Politics

Mike Duffy trial: Crown dogs suspended senator over Peterborough trip

The Crown in the Mike Duffy trial went to the dogs on Tuesday, but the suspended senator's lawyer suggested that the prosecution was barking up the wrong tree.

Prosecution claims he billed $698 in expenses for a trip to dog show

Duffy arrives for trial day 19

10 years ago
Duration 1:20
Suspended senator Mike Duffy and his lawyer arrive at the Ottawa courthouse for day nineteen of his fraud and breach of trust trial.

The Crown in the Mike Duffy trial went to the dogs on Tuesday, but the suspended senator's lawyer suggested that the prosecution was barking up the wrong tree.

The prosecutor contends that Duffy billed $698 in expenses for a trip he took with his wife to a dog show in Peterborough, Ont., in July 2010 to buy a Kerry blue terrier.

​​Duffy has pleaded not guilty to 31 charges of fraud, breach of trust and bribery related to expenses he claimed as a senator and later repaid with money provided by the prime minister's former chief of staff, Nigel Wright. 

According to Duffy's expense claims, he and his wife travelled to Peterborough in July 2010 on "public business," for what he said were meetings with local officials to discuss "broadcasting issues." His personal diary said that he and his wife drove to Peterborough on July 2 and spent the night at a Super 8 motel; the next morning, they had coffee with then Tory MP Dean Del Mastro and his wife. 

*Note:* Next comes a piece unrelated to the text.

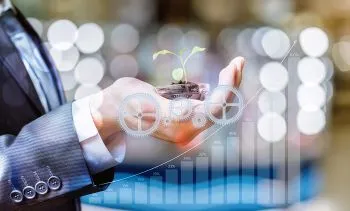 A hand holding a small plant with graphs superimposed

Louise Lang, secretary of the Kerry Blue Terrier Club of Canada, testified on Tuesday by phone that she was involved in organizing the show that year. Although she was busy attending to her duties, she said her husband introduced her to Duffy, who was there with his wife. Lang said her meeting with Duffy was brief, lasting about a minute. 

She also testified that a Kerry blue terrier breeder from New Brunswick was at the show the same time as Duffy.

But Duffy's lawyer Donald Bayne questioned Lang's memory of the events of that day. Lang admitted that when she was interviewed about the issue by the RCMP in 2013, she couldn't recall the exact year she had met Duffy. She also said she told the RCMP that she couldn't remember if Duffy's wife was there with him.

"I asked my husband and he said she was there," Lang said.

"Has it not been explained to you that you should give us the evidence of what you know and not what others have told you?" Bayne asked.

Bayne later asked Lang if she had told police that Duffy had picked up a dog at the show.

"I was under the impression that he was there to pick up a dog," she said, adding that she told the RCMP that he picked up a dog from the New Brunswick breeder.

But Bayne said that Duffy never purchased a dog at the show, but instead purchased a dog from the New Brunswick breeder in that province in January 2011.

Earlier Tuesday, on the 19th day of the trial,  the Crown had argued that a report looking into senators' office and travel expenditures is merely the opinions of an outside auditor and shouldn't be considered a public document or exempt from hearsay rules.

Witness testimony at the trial, which began April 7, had been temporarily put on hold as the Crown and the defence argue about the annual report on internal audits 2009-10, issued by the Senate internal economy committee.

The report included the findings of three audits carried out over the previous year by independent auditing firm Ernst & Young — including one that dealt specifically with senators' office expenditures.

The Crown believes the report shouldn't be considered as evidence, claiming its conclusions are hearsay. 

"The problem is we don't know whose opinion this is," Crown prosecutor Mark Holmes argued in the Ottawa provincial courtroom. "We don't know about [the auditors'] ability or their experience. We don't know if there were any dissenting views expressed.

"We don't know with whom they spoke or what was said, compounding problems, because now we have other layers of hearsay," Holmes said.

On Monday and part of Tuesday morning, Duffy's lawyer Donald Bayne argued that the report should be considered as evidence. While he agreed that the report is hearsay, he argued it's an exception to the hearsay rule.

Bayne said the report should be admissible because it's a public document — it was made by public officials, intended to be a permanent record and accessible to the public — meaning it is has "inherent reliability."

But Holmes rejected that claim, saying that the hearsay exception for public documents involves documents not containing opinions. That means data such as birth/death records, passenger manifests and nautical charts — facts that are unambiguous and can be easily corrected.

​At suspended Senator Mike Duffy's trial in Ottawa on Tuesday, the legal dispute continued over the admissibility of a Senate report continued. (Sean Kilpatrick/Canadian Press)

Holmes said the documents were not made by public officials but auditors who were "clearly outsiders." While the auditors were retained by the Senate, their work was "not a public duty or function."

As well, Holmes argued, the report was more of a work product and not made with the intent of making it a permanent record.

In its report to the committee, the auditors noted the Senate "should provide clearer guidance and criteria on which activities constitute a parliamentary function." During the trial, Bayne has argued that the rules guiding senators were ambiguous and unclear.

Ontario Court of Justice Judge Charles Vaillancourt said it could take him until sometime in June to reach a decision on the issue.